Wednesday, January 2, 2008

January 2: Roasted Brussels Sprouts with Dijon, Walnuts, & Crisp Crumbs

My husband's nephew Justin is 19. He lives with my in-laws and is attending his first semester of nursing school, and he is, all things considered, an amazing kid. He is responsible, bright, thoughtful, funny, with a wide variety of interests, including food. He is a great cook--he prepared a wide variety of sushi and sashimi for the family Christmas get-together this year, and it was pretty fun to watch my husband's aunt and uncle, who rarely eat anything that Uncle Phil or one of his brothers hasn't shot himself, uneasily approach what they would ordinarily have considered bait.

One of the family stories that I heard shortly after beginning to date my husband is about Justin as a four-year-old. His grandmother, my mother-in-law, was preparing brussels sprouts for dinner one night as Justin watched with interest. She steamed them and buttered them and served them, and Justin, well accustomed to the rule that everyone tried everything at the dinner table, ate a brussels sprout. He chewed, swallowed, and asked, "How can something so cute taste so yucky?"

I've had a lot of mushy, overcooked, skunky-tasting brussels sprouts too, but what I'm in love with is a perfectly cooked, nutty, fresh-flavored vegetable. As Fine Cooking magazine points in December's issue, the best favor you can do for yourself when cooking this vegetable is cutting it into a shape that suits the cooking method: quarters for roasting, slices for braising, and shredded for sauteing.
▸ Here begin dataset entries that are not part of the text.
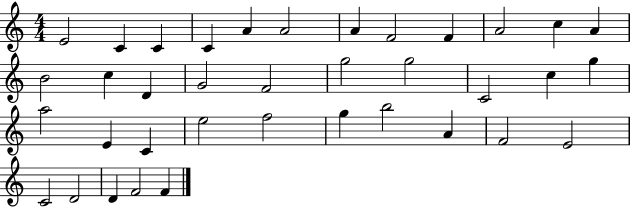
{
  \clef treble
  \numericTimeSignature
  \time 4/4
  \key c \major
  e'2 c'4 c'4 | c'4 a'4 a'2 | a'4 f'2 f'4 | a'2 c''4 a'4 | \break b'2 c''4 d'4 | g'2 f'2 | g''2 g''2 | c'2 c''4 g''4 | \break a''2 e'4 c'4 | e''2 f''2 | g''4 b''2 a'4 | f'2 e'2 | \break c'2 d'2 | d'4 f'2 f'4 | \bar "|."
}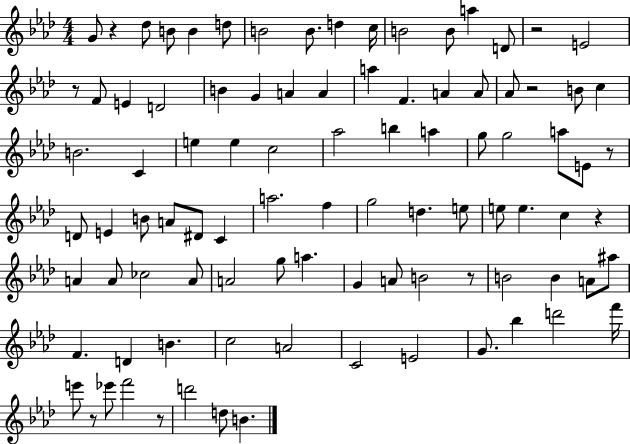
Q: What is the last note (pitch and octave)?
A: B4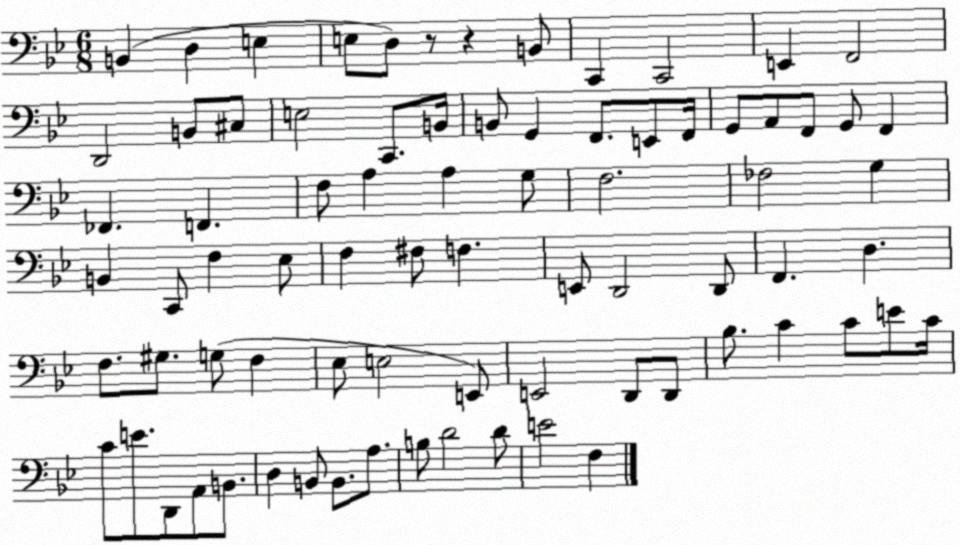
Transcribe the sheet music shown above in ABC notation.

X:1
T:Untitled
M:6/8
L:1/4
K:Bb
B,, D, E, E,/2 D,/2 z/2 z B,,/2 C,, C,,2 E,, F,,2 D,,2 B,,/2 ^C,/2 E,2 C,,/2 B,,/4 B,,/2 G,, F,,/2 E,,/2 F,,/4 G,,/2 A,,/2 F,,/2 G,,/2 F,, _F,, F,, F,/2 A, A, G,/2 F,2 _F,2 G, B,, C,,/2 F, _E,/2 F, ^F,/2 F, E,,/2 D,,2 D,,/2 F,, D, F,/2 ^G,/2 G,/2 F, _E,/2 E,2 E,,/2 E,,2 D,,/2 D,,/2 _B,/2 C C/2 E/2 C/4 C/2 E/2 D,,/2 A,,/2 B,,/2 D, B,,/2 B,,/2 A,/2 B,/2 D2 D/2 E2 F,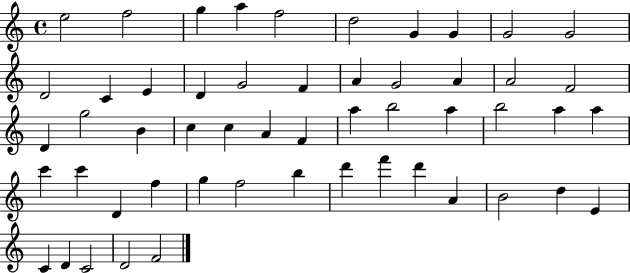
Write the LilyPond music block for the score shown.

{
  \clef treble
  \time 4/4
  \defaultTimeSignature
  \key c \major
  e''2 f''2 | g''4 a''4 f''2 | d''2 g'4 g'4 | g'2 g'2 | \break d'2 c'4 e'4 | d'4 g'2 f'4 | a'4 g'2 a'4 | a'2 f'2 | \break d'4 g''2 b'4 | c''4 c''4 a'4 f'4 | a''4 b''2 a''4 | b''2 a''4 a''4 | \break c'''4 c'''4 d'4 f''4 | g''4 f''2 b''4 | d'''4 f'''4 d'''4 a'4 | b'2 d''4 e'4 | \break c'4 d'4 c'2 | d'2 f'2 | \bar "|."
}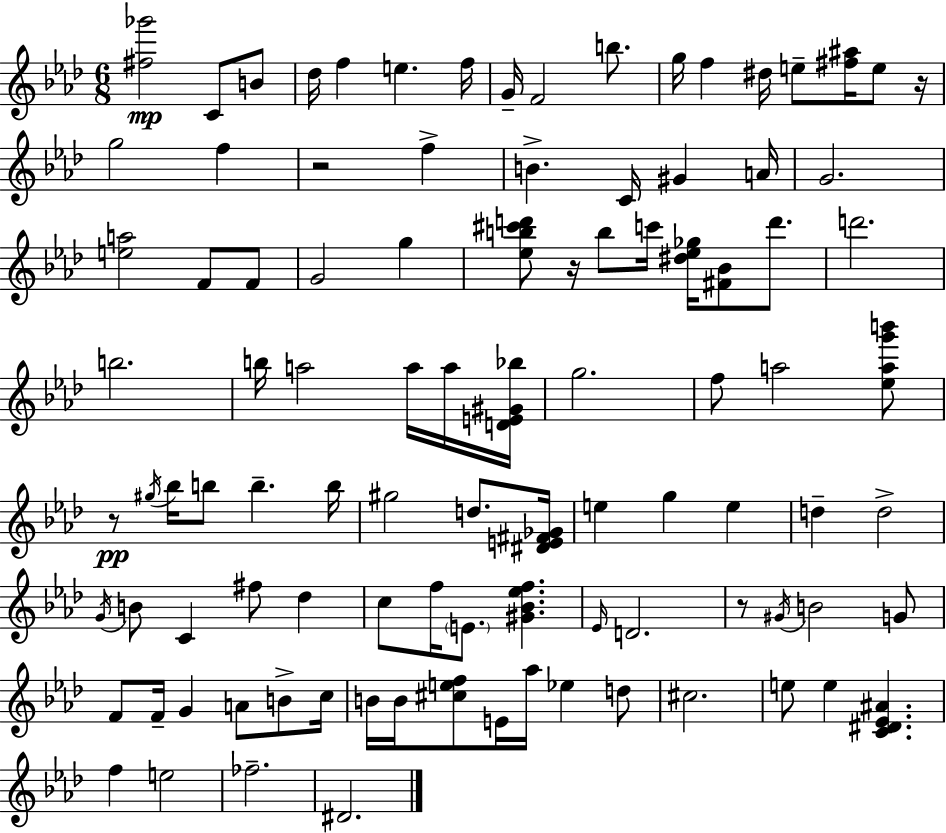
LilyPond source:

{
  \clef treble
  \numericTimeSignature
  \time 6/8
  \key f \minor
  \repeat volta 2 { <fis'' ges'''>2\mp c'8 b'8 | des''16 f''4 e''4. f''16 | g'16-- f'2 b''8. | g''16 f''4 dis''16 e''8-- <fis'' ais''>16 e''8 r16 | \break g''2 f''4 | r2 f''4-> | b'4.-> c'16 gis'4 a'16 | g'2. | \break <e'' a''>2 f'8 f'8 | g'2 g''4 | <ees'' b'' cis''' d'''>8 r16 b''8 c'''16 <dis'' ees'' ges''>16 <fis' bes'>8 d'''8. | d'''2. | \break b''2. | b''16 a''2 a''16 a''16 <d' e' gis' bes''>16 | g''2. | f''8 a''2 <ees'' a'' g''' b'''>8 | \break r8\pp \acciaccatura { gis''16 } bes''16 b''8 b''4.-- | b''16 gis''2 d''8. | <dis' e' fis' ges'>16 e''4 g''4 e''4 | d''4-- d''2-> | \break \acciaccatura { g'16 } b'8 c'4 fis''8 des''4 | c''8 f''16 \parenthesize e'8. <gis' bes' ees'' f''>4. | \grace { ees'16 } d'2. | r8 \acciaccatura { gis'16 } b'2 | \break g'8 f'8 f'16-- g'4 a'8 | b'8-> c''16 b'16 b'16 <cis'' e'' f''>8 e'16 aes''16 ees''4 | d''8 cis''2. | e''8 e''4 <c' dis' ees' ais'>4. | \break f''4 e''2 | fes''2.-- | dis'2. | } \bar "|."
}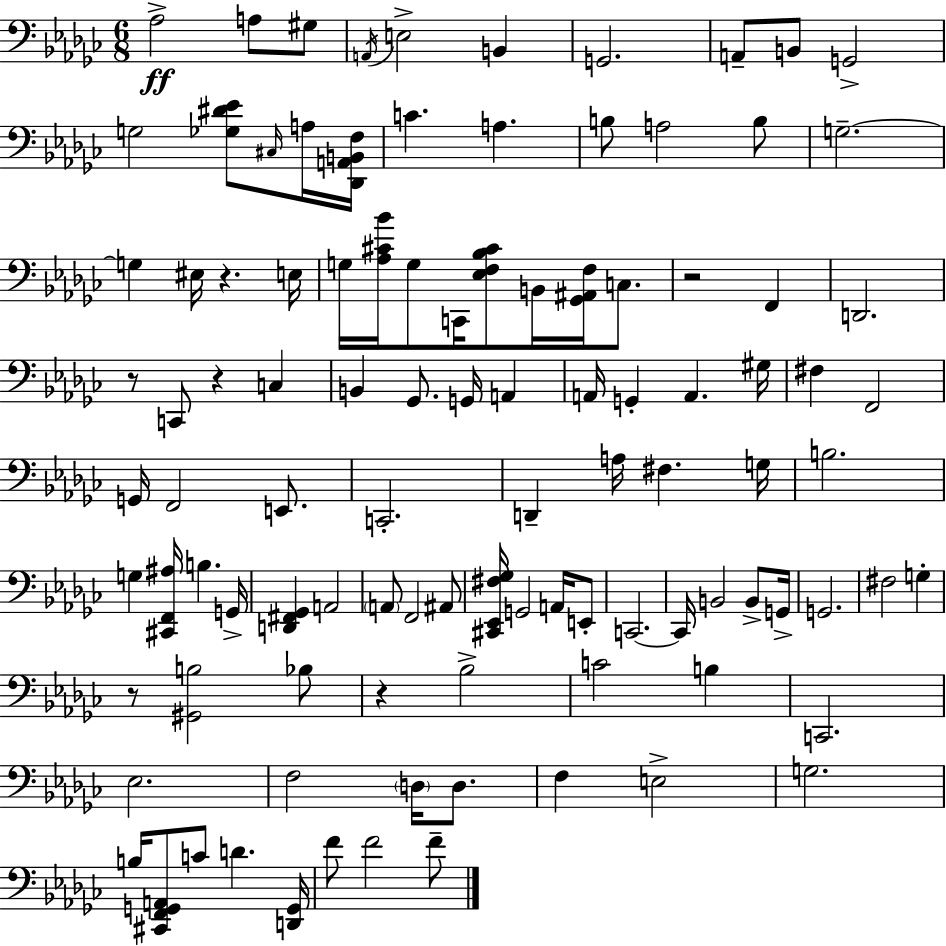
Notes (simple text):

Ab3/h A3/e G#3/e A2/s E3/h B2/q G2/h. A2/e B2/e G2/h G3/h [Gb3,D#4,Eb4]/e C#3/s A3/s [Db2,A2,B2,F3]/s C4/q. A3/q. B3/e A3/h B3/e G3/h. G3/q EIS3/s R/q. E3/s G3/s [Ab3,C#4,Bb4]/s G3/e C2/s [Eb3,F3,Bb3,C#4]/e B2/s [Gb2,A#2,F3]/s C3/e. R/h F2/q D2/h. R/e C2/e R/q C3/q B2/q Gb2/e. G2/s A2/q A2/s G2/q A2/q. G#3/s F#3/q F2/h G2/s F2/h E2/e. C2/h. D2/q A3/s F#3/q. G3/s B3/h. G3/q [C#2,F2,A#3]/s B3/q. G2/s [D2,F#2,Gb2]/q A2/h A2/e F2/h A#2/e [C#2,Eb2,F#3,Gb3]/s G2/h A2/s E2/e C2/h. C2/s B2/h B2/e G2/s G2/h. F#3/h G3/q R/e [G#2,B3]/h Bb3/e R/q Bb3/h C4/h B3/q C2/h. Eb3/h. F3/h D3/s D3/e. F3/q E3/h G3/h. B3/s [C#2,F2,G2,A2]/e C4/e D4/q. [D2,G2]/s F4/e F4/h F4/e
The recipe from this article that I particularly love is this one, made with ingredients I keep in my pantry. If you like, you can prepare the breadcrumbs up to two hours ahead of time.

Serves six to eight.

Roasted Brussels Sprouts with Dijon, Walnuts & Crispy Breadcrumbs
From Fine Cooking Magazine, December 2007, by Martha Holmberg

1/4 cup plus 1 Tbsp extra-virgin olive oil
2 Tbsp Dijon mustard
1 tsp Worcestershire sauce
1/2 tsp caraway seeds, toasted lightly and crushed
3/4 tsp kosher salt; more to taste
Freshly ground black pepper
2 pounds Brussels sprouts, ends trimmed, cut through the core into quarters
1 Tbsp unsalted butter
1 cup coarse fresh breadcumbs
1/2 cup chopped walnuts

Position racks in the top and bottom thirds of the oven and heat the oven to 400 F. Line two rimmed baking sheets with parchment paper.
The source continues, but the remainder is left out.